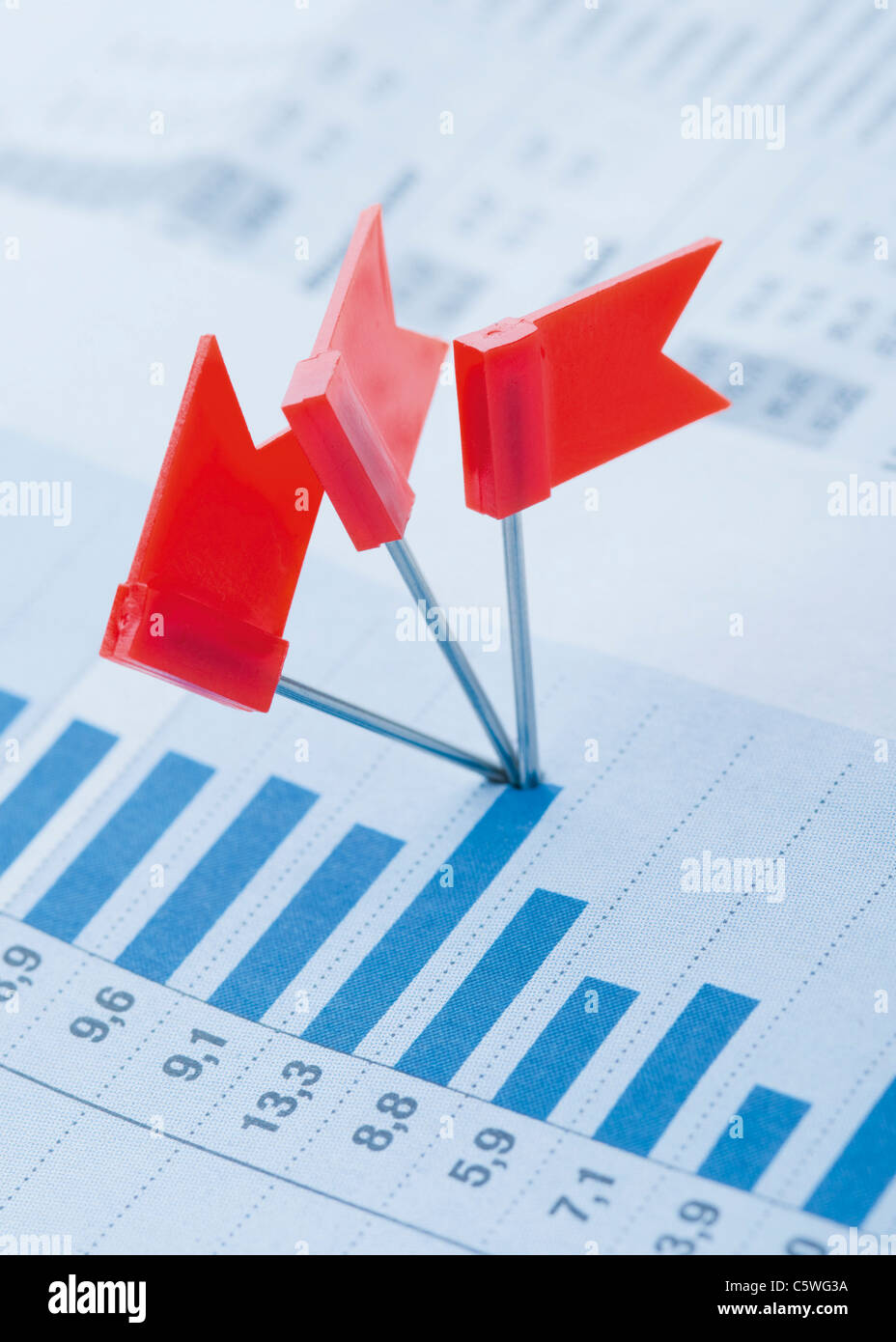 Red flags on bar chart, close up Stock Photo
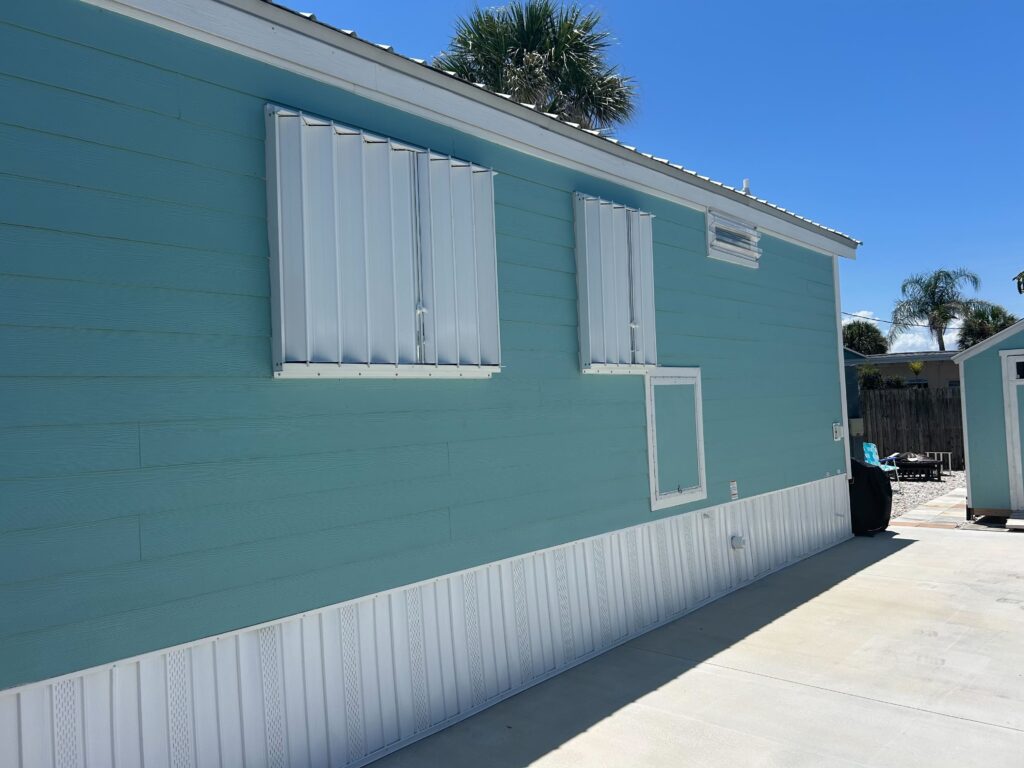 Turquoise blue mobile home with white accordion hurricane shutters in Melbourne Florida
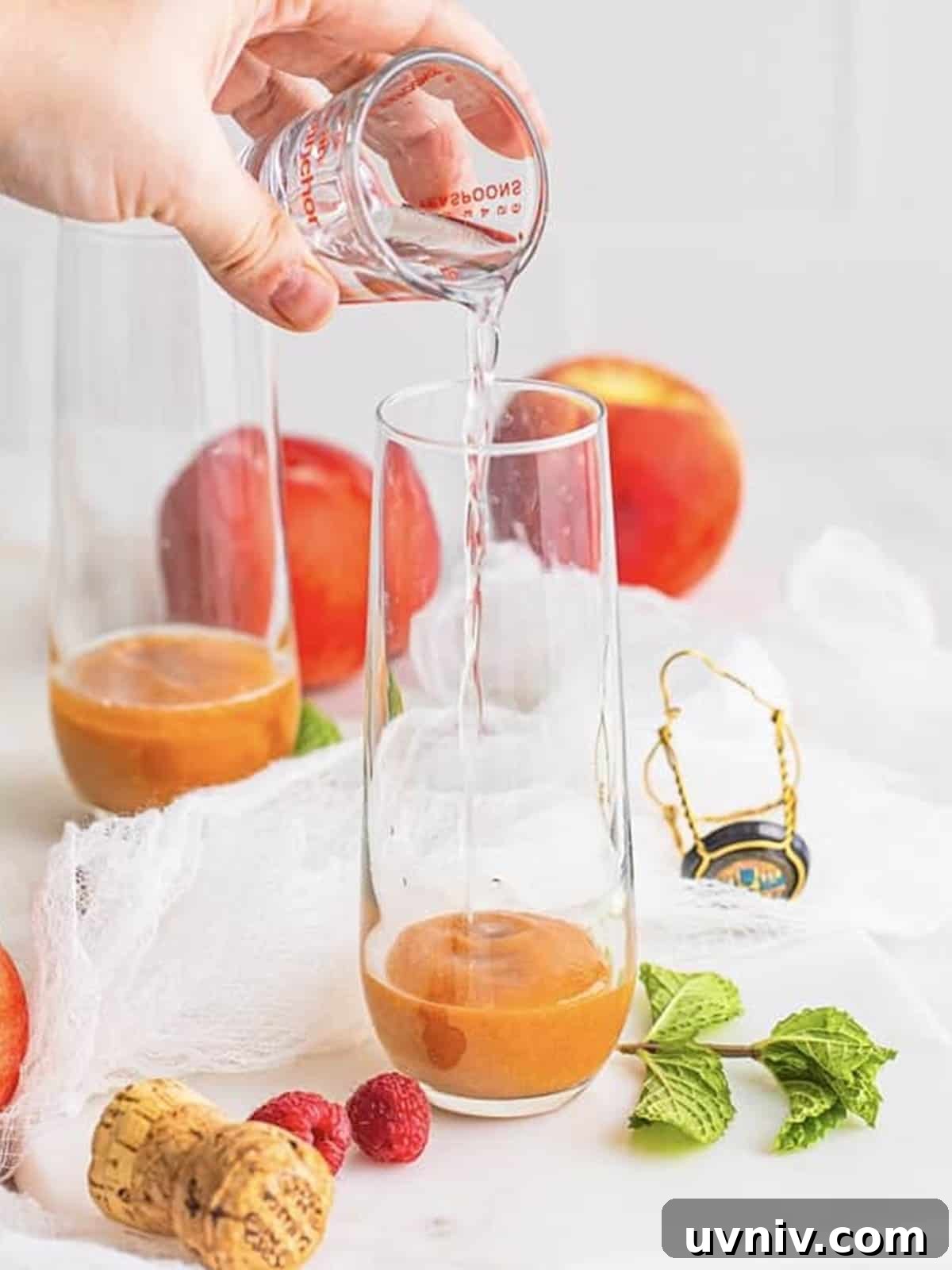 Peach puree and peach schnapps layered in the bottom of a champagne glass.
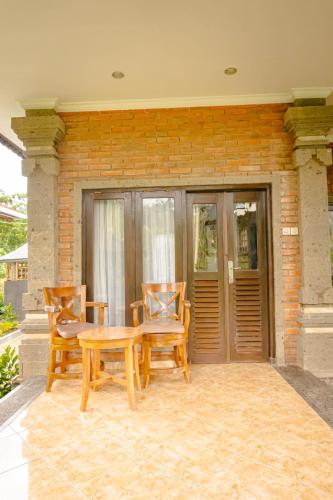 a patio with a table and chairs and a building at Mesari Cottage Guest House in Buleleng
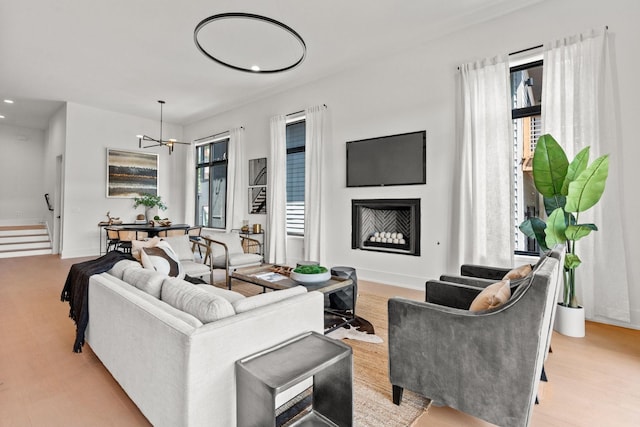 living room featuring an inviting chandelier and light hardwood / wood-style flooring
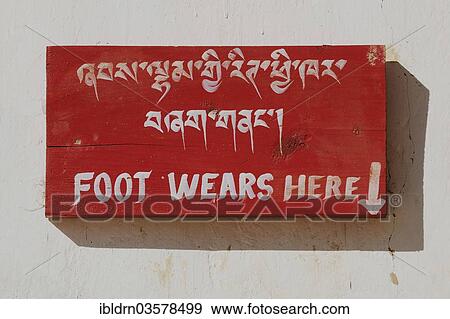 "Sign in Gangtey Monastery with the message """"Foot wears here"""", asking visitors to remove their footwear and leave it at this location, Wangdue Phodrang District, Bhutan, Asia" View Large Photo Image Stock Photo - "Sign in Gangtey Monastery with the message """"Foot wears here"""", asking visitors to remove their footwear and leave it at this location, Wangdue Phodrang District, Bhutan, Asia". Fotosearch
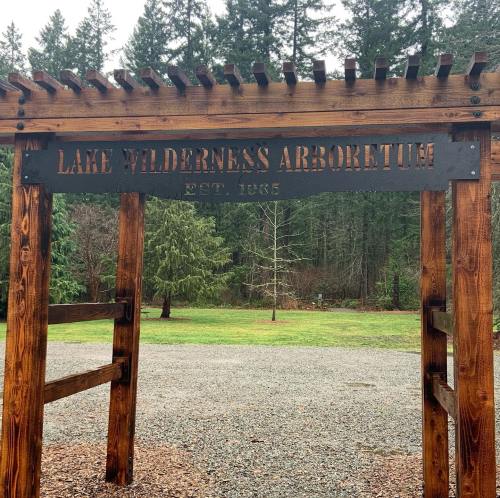 Wooden entrance sign for Lake Wilderness Arboretum, established 1963, surrounded by trees and gravel path.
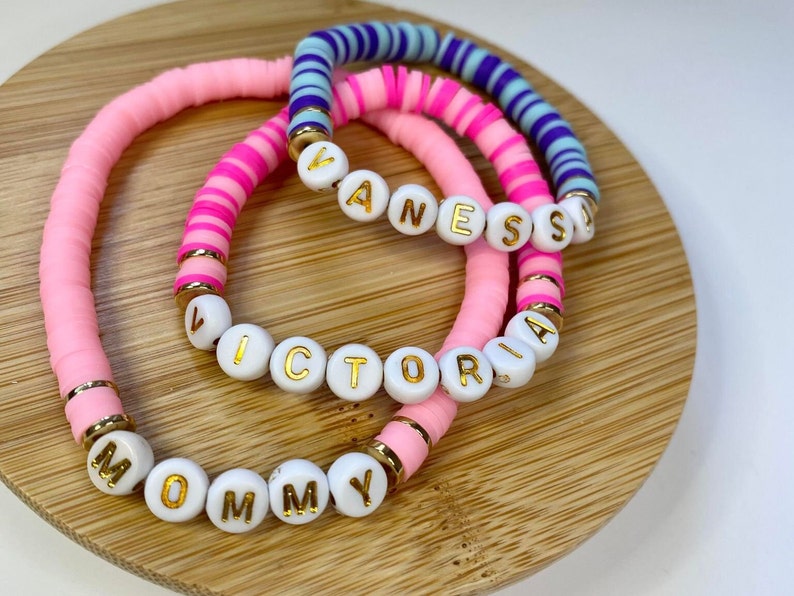 May include: Three pink and white beaded bracelets with gold lettering spelling out the names "Mommy", "Victoria", and "Vanessa".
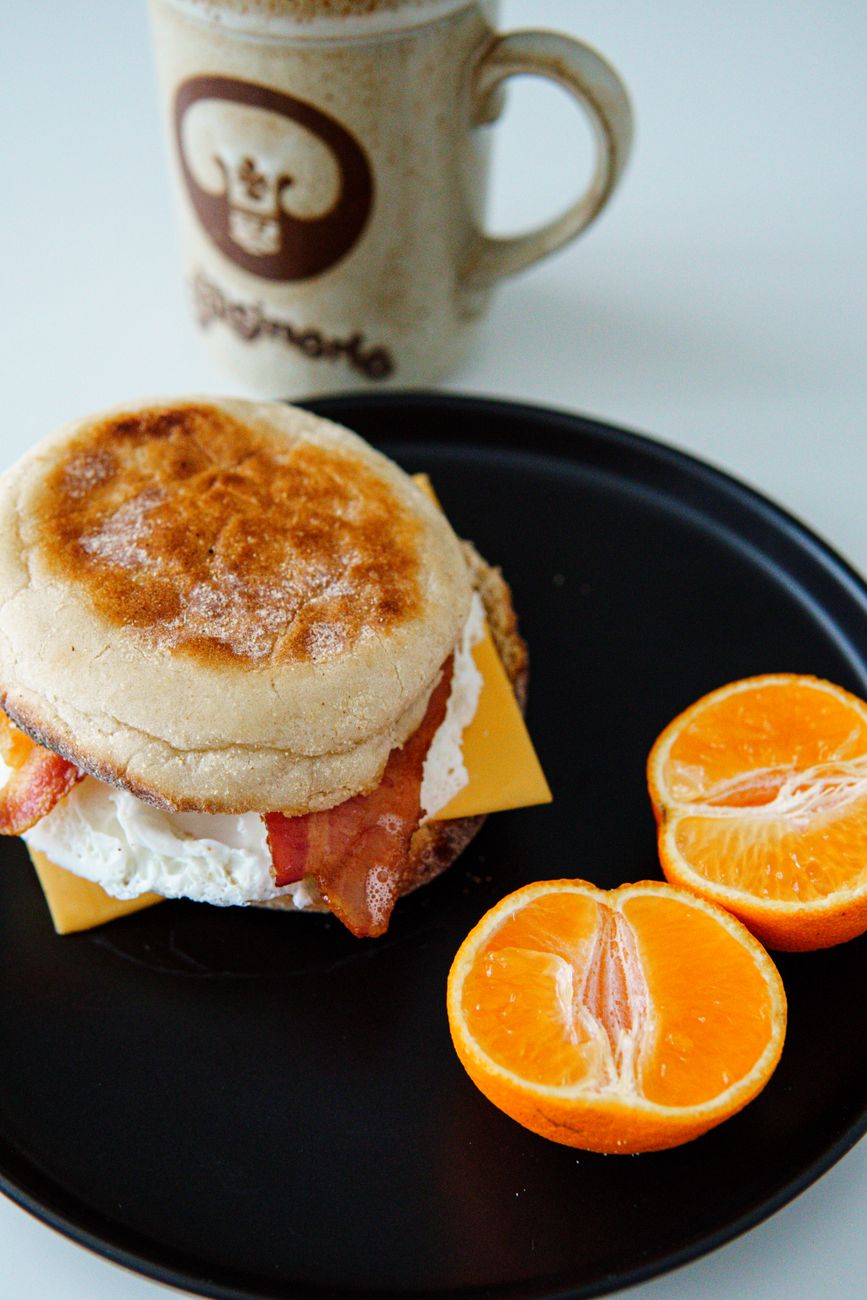 Tasty breakfast with a bacon, egg, and cheese muffin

▬▬▬

**WORK TASK:**
For this exercise, return exactly the lines above from the line with "View Large Photo" through the line with "May include: Three", both included. Do not copy the pictures.

**TASK RESPONSE:**
 "Sign in Gangtey Monastery with the message """"Foot wears here"""", asking visitors to remove their footwear and leave it at this location, Wangdue Phodrang District, Bhutan, Asia" View Large Photo Image Stock Photo - "Sign in Gangtey Monastery with the message """"Foot wears here"""", asking visitors to remove their footwear and leave it at this location, Wangdue Phodrang District, Bhutan, Asia". Fotosearch
 Wooden entrance sign for Lake Wilderness Arboretum, established 1963, surrounded by trees and gravel path.
 May include: Three pink and white beaded bracelets with gold lettering spelling out the names "Mommy", "Victoria", and "Vanessa".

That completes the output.